Friday, May 23, 2003
CCHS production of Shakespeare's The Taming of the Shrew
William Shakespeare could never have anticipated that one day the character of Katherine in his comedy The Taming of the Shrew would be portrayed as a "Goth," wearing shiny black vinyl pants and bright blue lipstick. He could not have foreseen that his Petruchio would attempt to emulate an upscale CEO or that his Bianca would come across as a "suburban Barbie." Yet somehow it's easy to believe that Shakespeare would have approved of this modern interpretation, co-directed by teachers Andrew Sapp and Margot Law and presented on the stage of the Little Theatre at Concord-Carlisle High School last weekend.
"One reason it was set in the present is because getting beyond the language for adolescents · or anyone in contemporary society · can be a challenge," says Sapp. Dressing the characters in recognizable clothing helped portray their personalities and "does some of the work of the text."
"It was hard to decipher the language at first," says sophomore Amy Chateauneuf, a Carlisle resident who played the role of a servant in the production. "But then we learned how funny Shakespeare can be. I hope we were able to interpret that to the audience."
The Taming of the Shrew tells the story of Baptista, a wealthy merchant of Padua, Italy (although originally written as a part for a man, it was deftly transformed into a woman's part, played by junior Rebecca Lawrence), who has two daughters: the lovely, sought-after Bianca (senior Aja Munsell), and the shrewish Katherine (junior Maya Murphy). When Baptista declares that Bianca will not marry until her older sister has been married off, her suitors devise a number of schemes to win her and convince a visiting friend, Petruchio of Verona (senior Kailin Clark), to woo Katherine and win her large dowry. A marriage is arranged, and Petruchio sets out to tame Katherine.

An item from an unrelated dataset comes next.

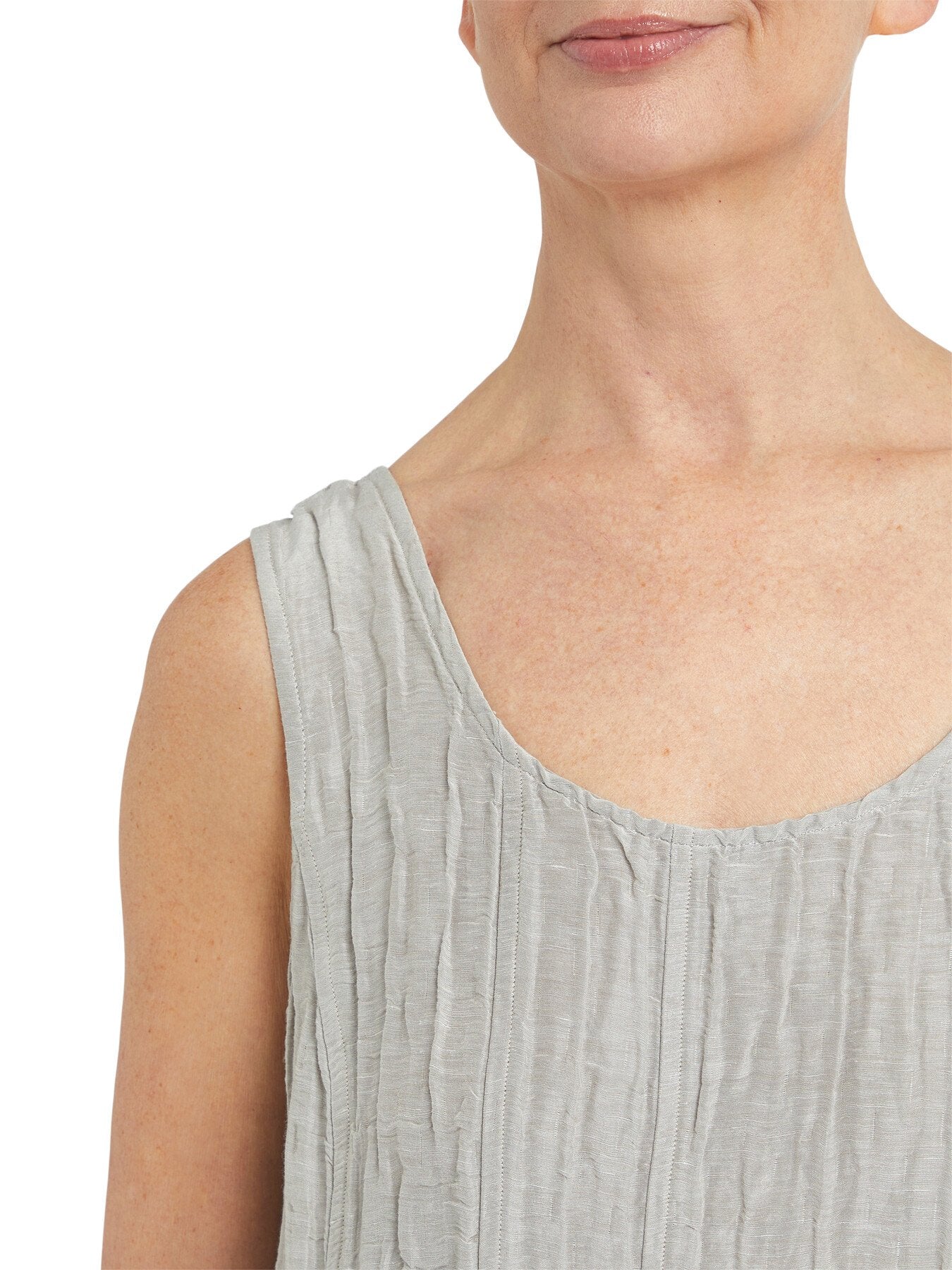 Silk Crinkle Sleeveless Dress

"It's an ironic title, because Kate is never actually tamed," says Sapp. "Instead of being tamed, she evolves into a complex character, as does Petruchio." While it appears that Katherine has become meek and submissive by the play's end, instead the characters have achieved mutual trust and respect, along with a "real, true, profound love. She can put herself in a subservient position, knowing that he won't take advantage of her," says Sapp.
This concept was also conveyed by the fascinating and simple use of sets. Covering the walls of both stage and the theater were copies of artwork done by graphic artist M.C. Escher. "We wanted a set that would portray the fact that things aren't what they seem," says Sapp. Escher's use of spatial illusions, shadows and perspective require a second look to absorb and understand · as does The Taming of the Shrew.
Carlisle students involved in The Taming of the Shrew were: Jennie Siegel (a Lady) , Nicolle Armistead (a servant), Amy Chateauneuf (a servant), Mike Chateauneuf (Biondello), Patrick Offenheiser (Vincentio), Jacquie O'Kelly (Curtis), Ariel Morrison (Bianca's servant), Michael Johnson (stage manager, set construction and design) and Cait Phillips (set construction and design).